The third instalment in the Agentic Design Systems series walks through a self-healing architecture. Claude Code sits at the centre, connected via MCP to Figma, GitHub, Storybook, PostHog, and Sentry. The system detects design drift automatically, generates PRs for fixes, and learns from corrections. The author tested multiple AI tools and found Claude Code delivered the strongest results for design system reasoning.

Every Friday, a Spotify team packages hundreds of code changes from dozens of engineering teams into a single update reaching 675 million users. Over 95% of releases ship without issues. The piece walks through a release's two-week journey from code merge to production, showing how trunk-based development combined with a release architecture makes speed and safety reinforce each other.

Published on martinfowler.com, this piece proposes a structured practice for harvesting signal from AI coding sessions and feeding it back into shared team artefacts. Most teams plateau with AI tools because individual intuition about effective prompts stays personal. The feedback flywheel identifies four types of signal worth capturing and outlines how to convert scattered individual experience into collective improvement.
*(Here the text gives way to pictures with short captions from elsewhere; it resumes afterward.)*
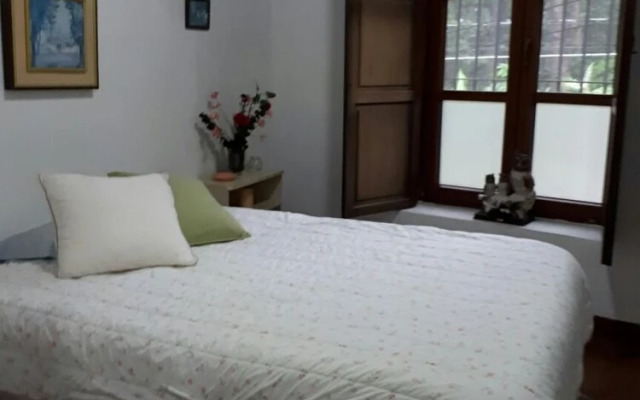 Casa Alina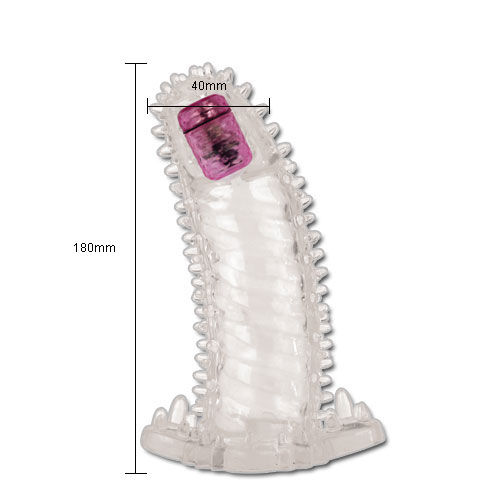 Vigoroso BAILE - EXTENSO DO SENSOR DO HOMEMBRAVE II
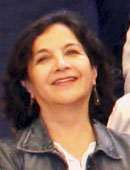 Dra. Gisela Espinosa Damián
Linux malware often hides in Berkeley Packet Filter programs, remaining dormant until a specific "magic" packet arrives. Reverse-engineering these filters by hand takes hours. Cloudflare built a tool using the Z3 theorem prover to work backward from malicious filters and generate trigger packets in seconds. The approach treats BPF bytecode as constraints rather than instructions, turning a manual security bottleneck into an automated one.

ANALYSIS

Battery Ventures argues that AI coding agents are reshaping how developer tools get distributed. With agents writing most of the code, the bottleneck shifts to teaching them how to use your tool. "Agent skills" are installable context packages that equip coding agents with tool-specific knowledge, acting as programmable solutions engineers at the point of code generation.
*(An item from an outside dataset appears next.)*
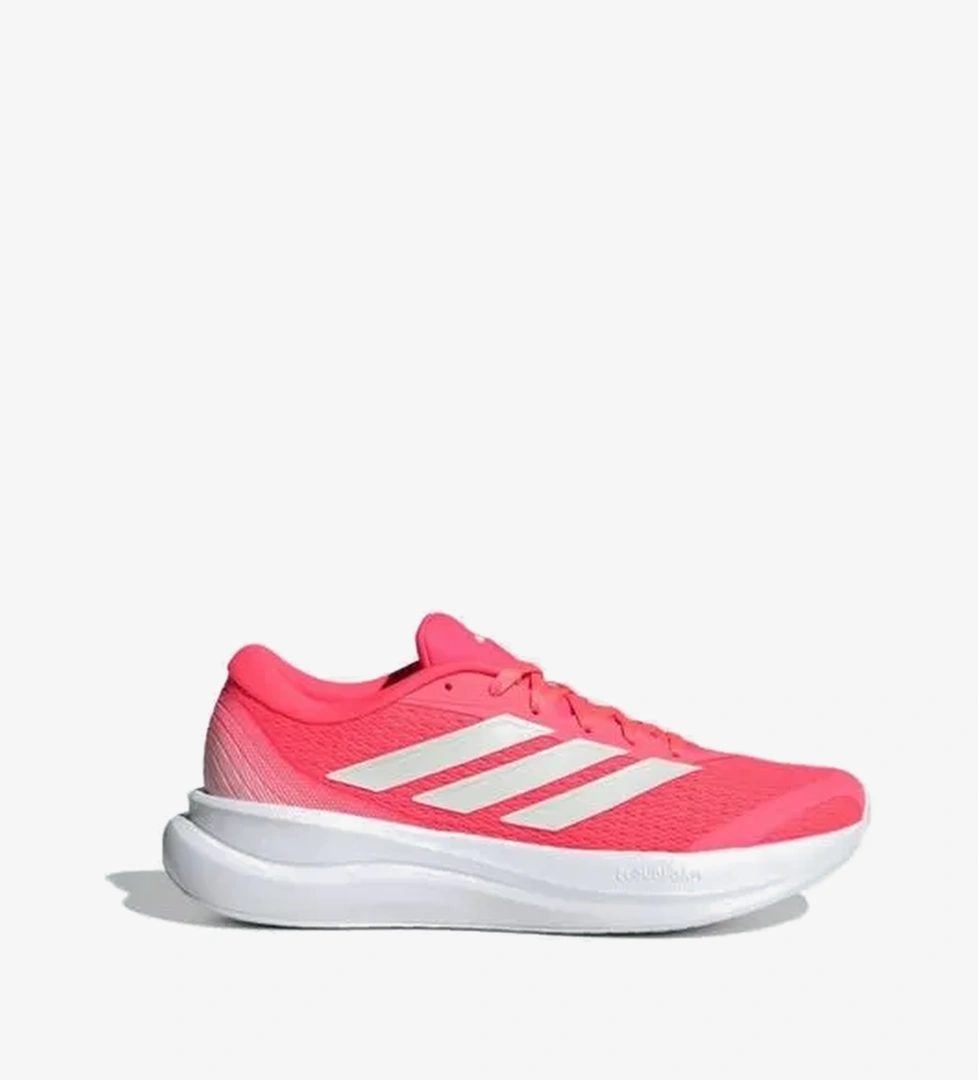 Adidas IH9535 Runfalcon 6 Kadın Koşu Ayakkabısı Pembe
Meta employees compete on an internal "Claudeonomics" leaderboard, with 60 trillion tokens consumed in 30 days. Jensen Huang says any $500K engineer spending less than $250K a year on tokens would "deeply alarm" him. Token budgets are becoming a fourth component of compensation alongside salary, equity, and bonus. The piece argues this spending culture is the industry's most expensive mistake so far.
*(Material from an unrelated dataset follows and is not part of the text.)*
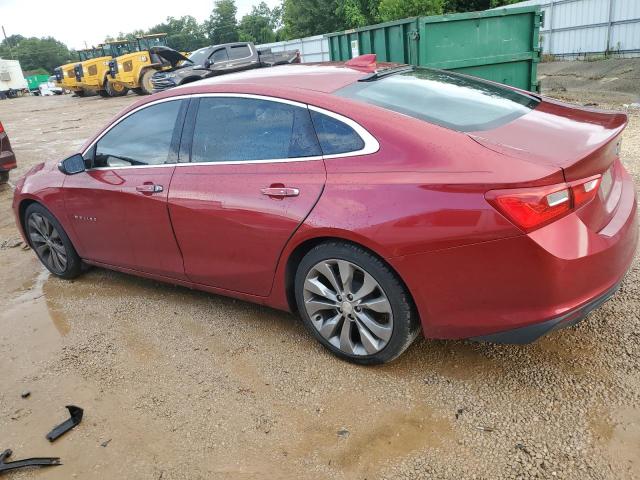 2016 CHEVROLET MALIBU PRE - 1G1ZH5SX7GF228407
Andreessen Horowitz compiled hard data on enterprise AI adoption, finding 29% of the Fortune 500 and 19% of the Global 2000 have signed top-down contracts with AI startups and gone live in production. This penetration in just over three years is remarkable for enterprises not known as early adopters. The report pushes back on the MIT study claiming 95% of generative AI pilots fail.

Six months ago, DHH told Lex Fridman he typed out all his code by hand. Now he takes an agent-first approach and barely writes code directly. In this Pragmatic Engineer episode, he discusses how AI agents changed his workflow while his quality standards stayed the same. 37signals' design philosophy and the role of taste in software also feature.

TOOLS

OpenOwl connects to Claude Code, Codex, or any MCP-compatible AI and automates desktop tasks through screen observation, clicking, and typing. Install with one command, describe what you need in plain language, and watch it navigate apps and browsers. Use cases range from LinkedIn lead scraping to Shopify price updates. Over 400 subscriptions sold, with early pricing at $3.99 per month.

Like BrowserUse but for the terminal. TUI-use spawns any program in a PTY, renders the screen as clean text via a headless xterm emulator, and lets agents send keystrokes. It fills the gap where AI agents stall the moment a program requests input. Works with REPLs, database CLIs, SSH sessions, and full-screen apps like vim and lazygit.

A developer who kept solving the same problems manually in Claude Code turned repeating workflows into armory, a collection of 106 production-grade packages. It includes 11 orchestrator agents for multi-phase work, 60+ skills across development and research, hooks for backup and cost tracking, and presets for different coding styles. Install with a single npx command.